Kevin Jenks, the NBC’s general manager and tournament director, said the NBC wants to be a part of the new ballpark and he’s optimistic that will still happen. But he said he’s disappointed that the city did not secure office space for the organization at the new stadium.

“I guess our frustration is purely directed at things that we have been told and things that weren’t delivered,” Jenks said.

City officials had told NBC leaders that the organization would have a “permanent home” at the new ballpark, Jenks said. Wichita Mayor Jeff Longwell told him in a private meeting that the project would include permanent office space for the NBC, he said.

At some point, that changed, Jenks said.

“Plans do not include offices at this time,” an unidentified city official said during a social media town hall.

Longwell did not respond to an emailed request for comment. Instead, Elyse Mohler, assistant director of strategic communications for the city, responded.

“The City understands the NBC’s concern and will work with the team and the NBC to see if an accommodation can be made,” Mohler said in an email response to questions about that conversation.

She would not say whether Longwell told Jenks the NBC would have office space.

Lou Schwechheimer, the principal owner of the New Orleans Baby Cakes, a Triple-A Minor League Baseball team that has said it is moving to Wichita, was not immediately available for comment.

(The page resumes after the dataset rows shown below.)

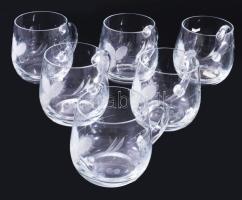 Kristály bóléspohár garnitúra, 6 darab, hibátlan, m: 8 cm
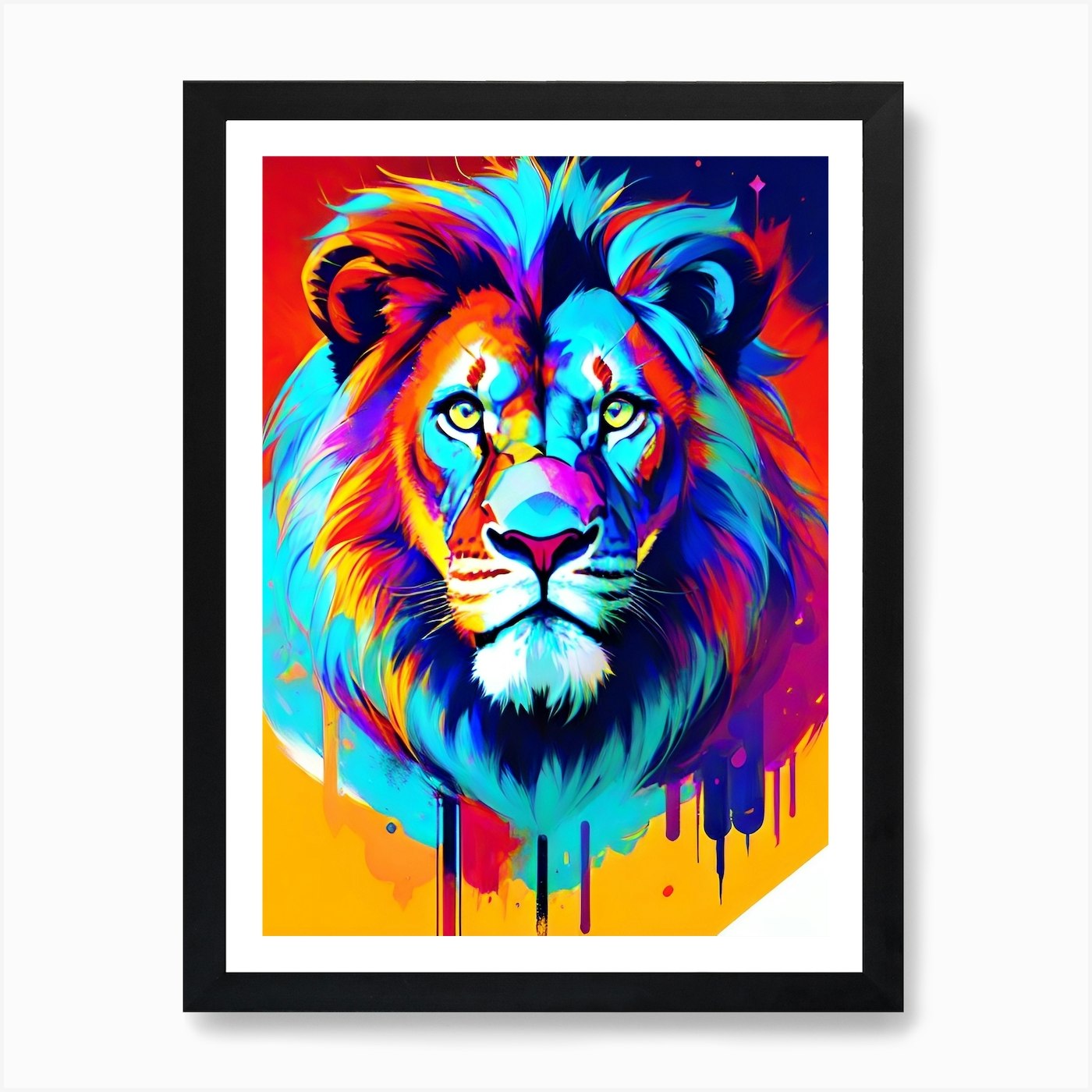 Lion Painting 5 Art Print Framed Wall Art Poster Canvas Print Picture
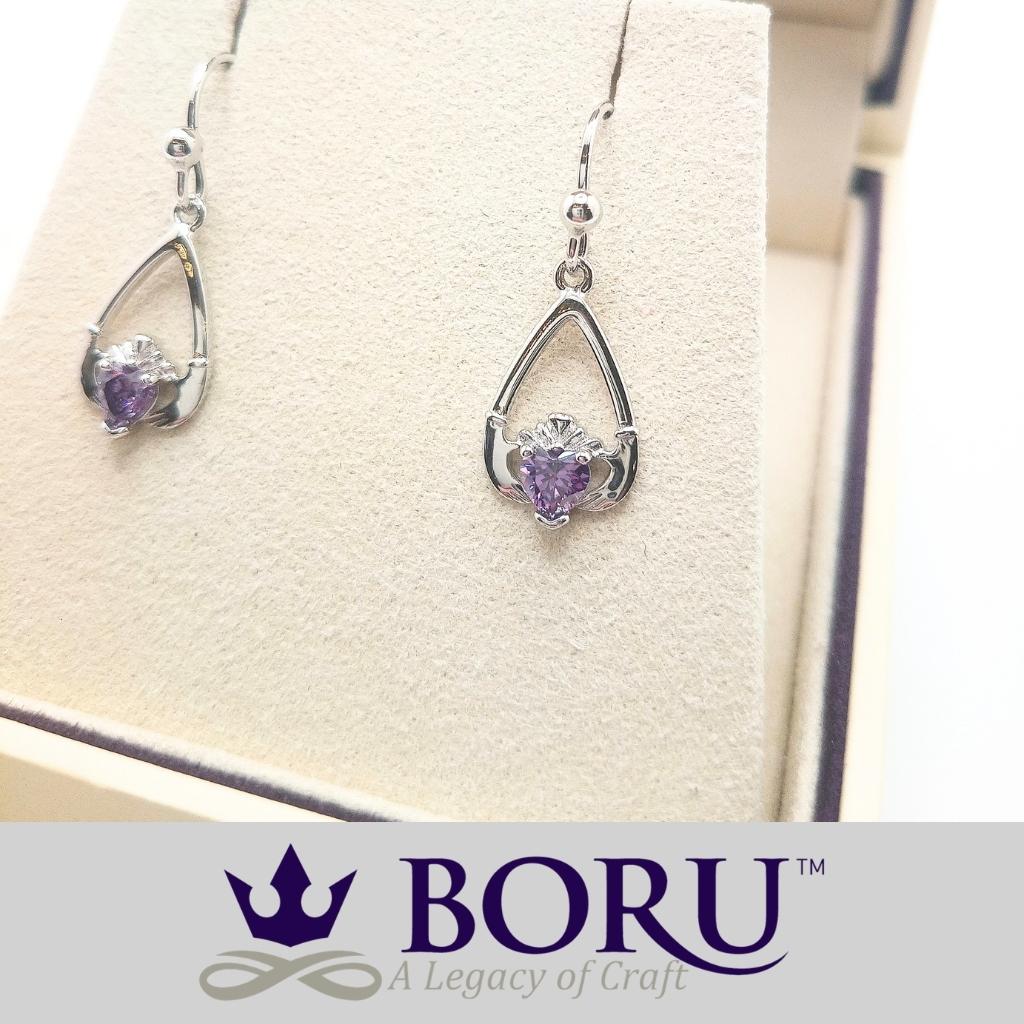 Sterling Silver Claddagh Birthstone Earrings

The team won’t formally commit to play in Wichita until the city sells land near the ballpark to an undisclosed group of developers for $1 an acre, Longwell said last week.

The NBC has held its World Series tournament at Lawrence-Dumont Stadium since 1935. Its founder, Raymond “Hap” Dumont, was instrumental in getting the stadium built and bringing barnstormers, young prospects and ex-major leaguers to the annual tournament across the Arkansas River from downtown Wichita.

Now that Lawrence-Dumont has been demolished, the NBC World Series 2019 tournament will be at Wichita State’s Eck Stadium. After that, it’s unclear where the team will play.

“We want to play at the new stadium in 2020 and beyond,” Jenks said. “That’s been the plan all along, and we knew we might have to split our time between the new stadium and Wichita State. But we’re waiting to find out what it looks like after this year, as nothing’s set in stone.”

There’s nothing in the city’s facilities use agreement with the Baby Cakes that guarantees the NBC World Series will play in the new stadium. At most, the team could play a week of its two-week tournament at the new stadium. Scheduling would be subject to approval by the Pacific Coast League and any minor league games would have priority over the NBC tournament, according to the agreement.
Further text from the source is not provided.